EXERCISE INSTRUCTIONS |
Where a picture appears, skip it and copy everything else in the listing exactly.
DATA EXTRACT Start Marker
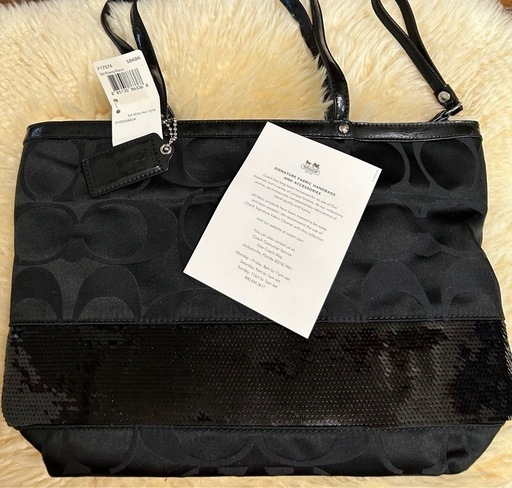 ★新品★コーチ ショルダーバッグ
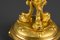 Antique Gilt Bronze Candleholder, Image 5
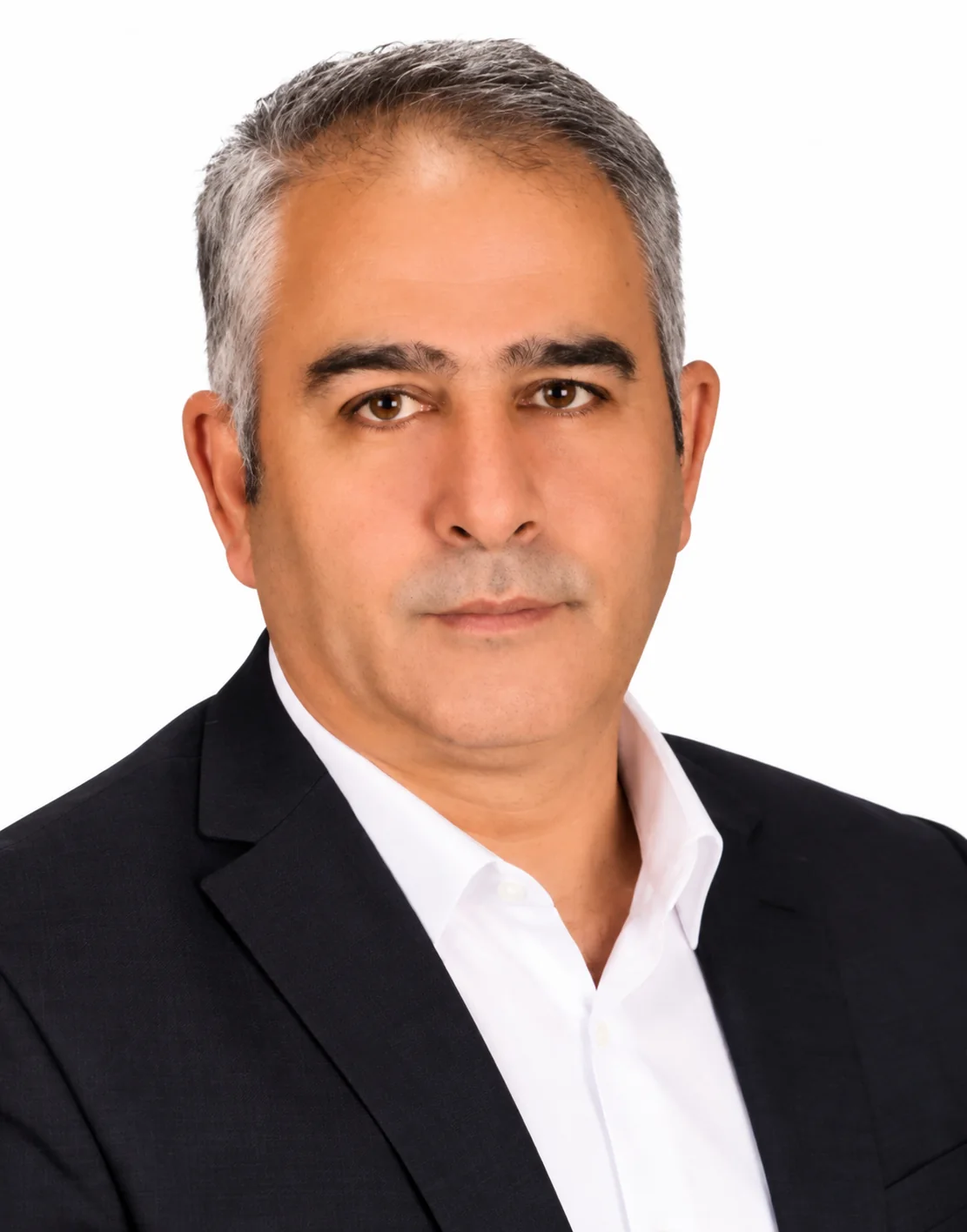 Binali ARSLAN — Başkan Vekili
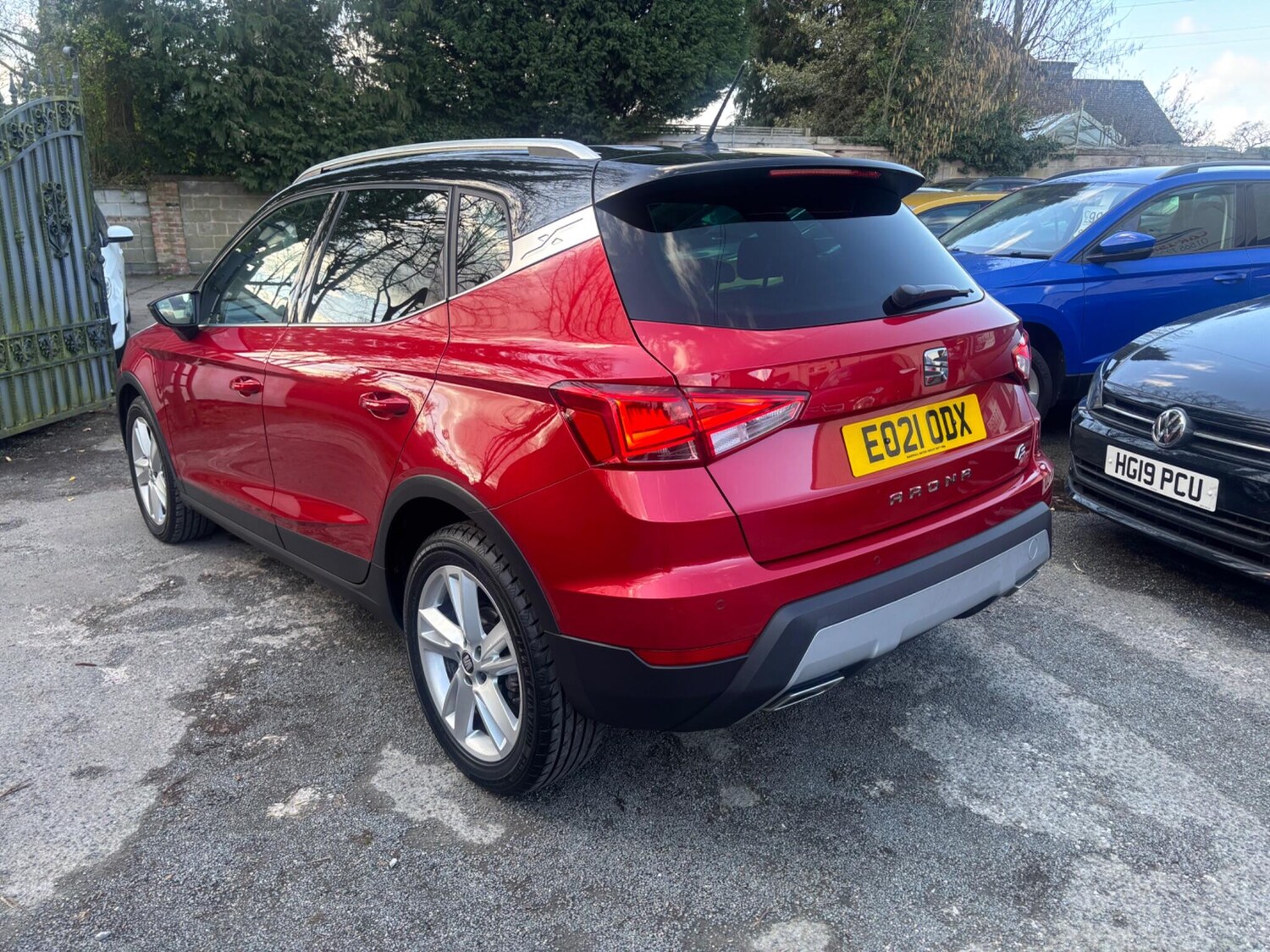 Used SEAT Arona 2021 for sale - 77910756: Photo 9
DATA EXTRACT End Marker
RESULT OF THIS EXERCISE |
 ★新品★コーチ ショルダーバッグ
 Antique Gilt Bronze Candleholder, Image 5
 Binali ARSLAN — Başkan Vekili
 Used SEAT Arona 2021 for sale - 77910756: Photo 9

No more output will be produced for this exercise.